- TASK PROMPT: Below are the records to retype. Keep every character exactly and leave out the pictures.

Captioned web images

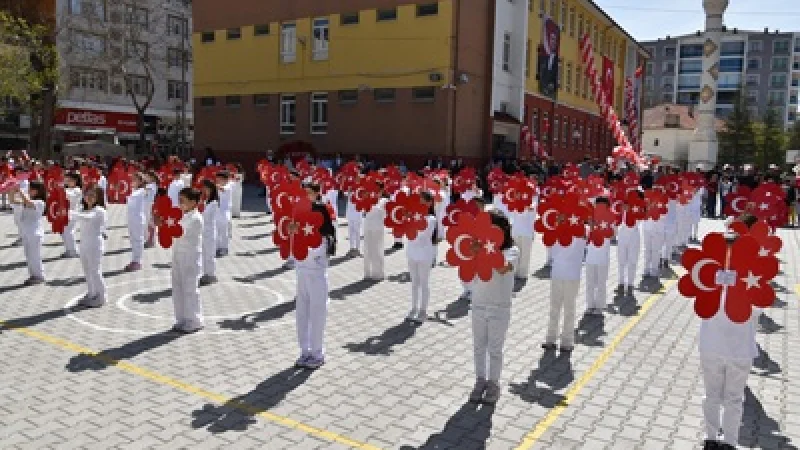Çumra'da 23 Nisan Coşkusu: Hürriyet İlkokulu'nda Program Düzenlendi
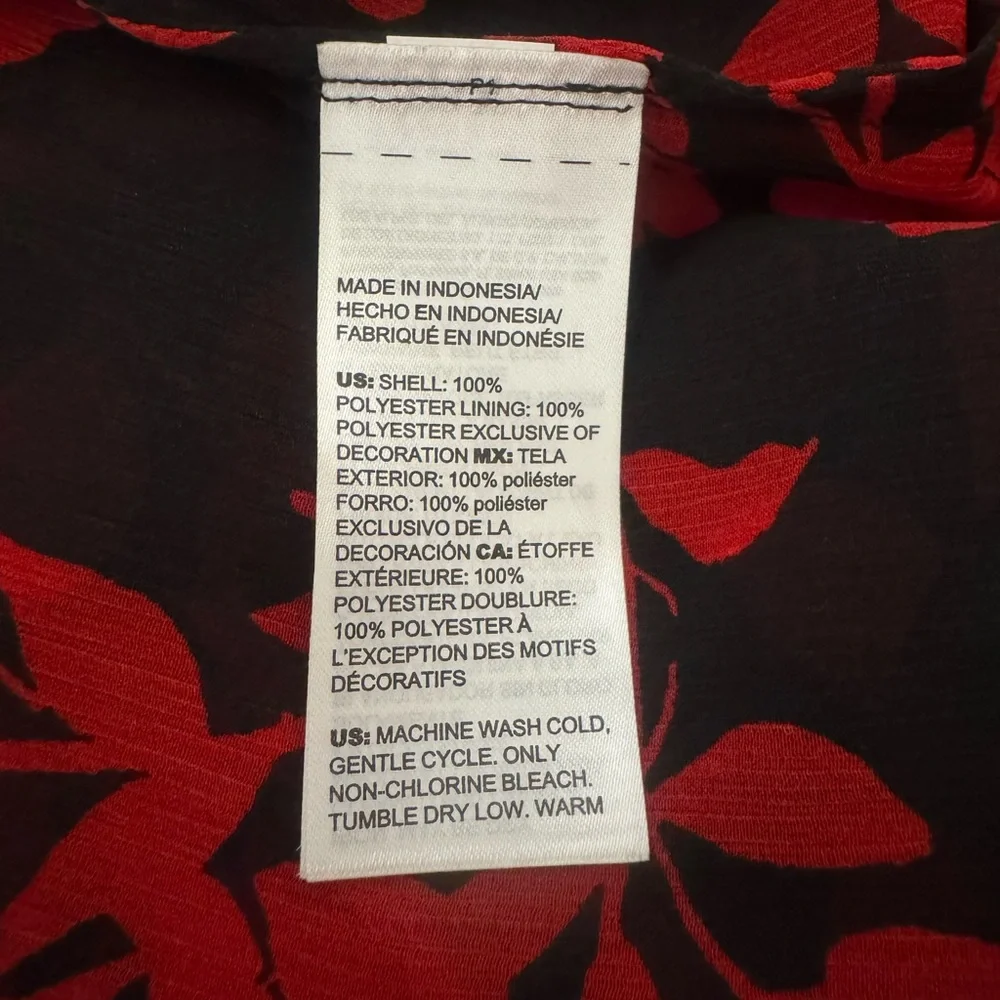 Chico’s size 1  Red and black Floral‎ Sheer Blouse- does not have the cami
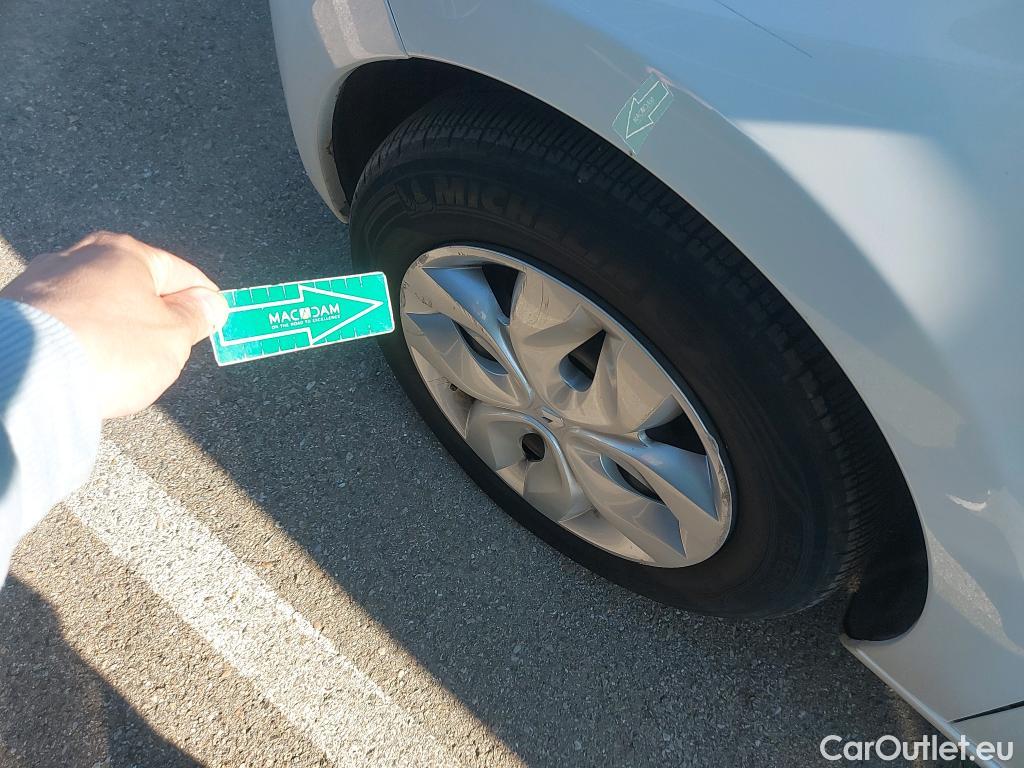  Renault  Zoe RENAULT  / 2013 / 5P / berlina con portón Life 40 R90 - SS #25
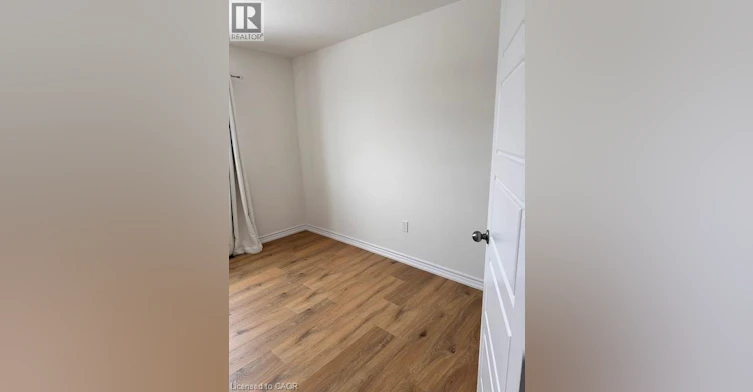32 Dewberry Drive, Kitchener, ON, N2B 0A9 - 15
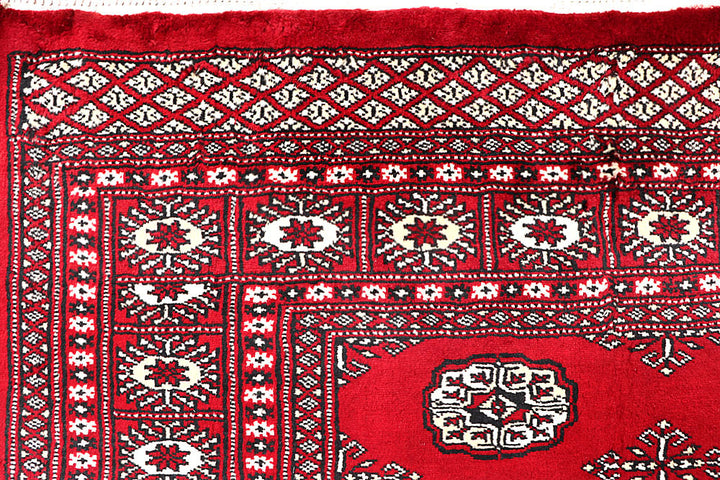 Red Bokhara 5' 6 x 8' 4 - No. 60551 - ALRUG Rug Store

- YOUR SOLUTION:
Çumra'da 23 Nisan Coşkusu: Hürriyet İlkokulu'nda Program Düzenlendi
 Chico’s size 1  Red and black Floral‎ Sheer Blouse- does not have the cami
  Renault  Zoe RENAULT  / 2013 / 5P / berlina con portón Life 40 R90 - SS #25
32 Dewberry Drive, Kitchener, ON, N2B 0A9 - 15
 Red Bokhara 5' 6 x 8' 4 - No. 60551 - ALRUG Rug Store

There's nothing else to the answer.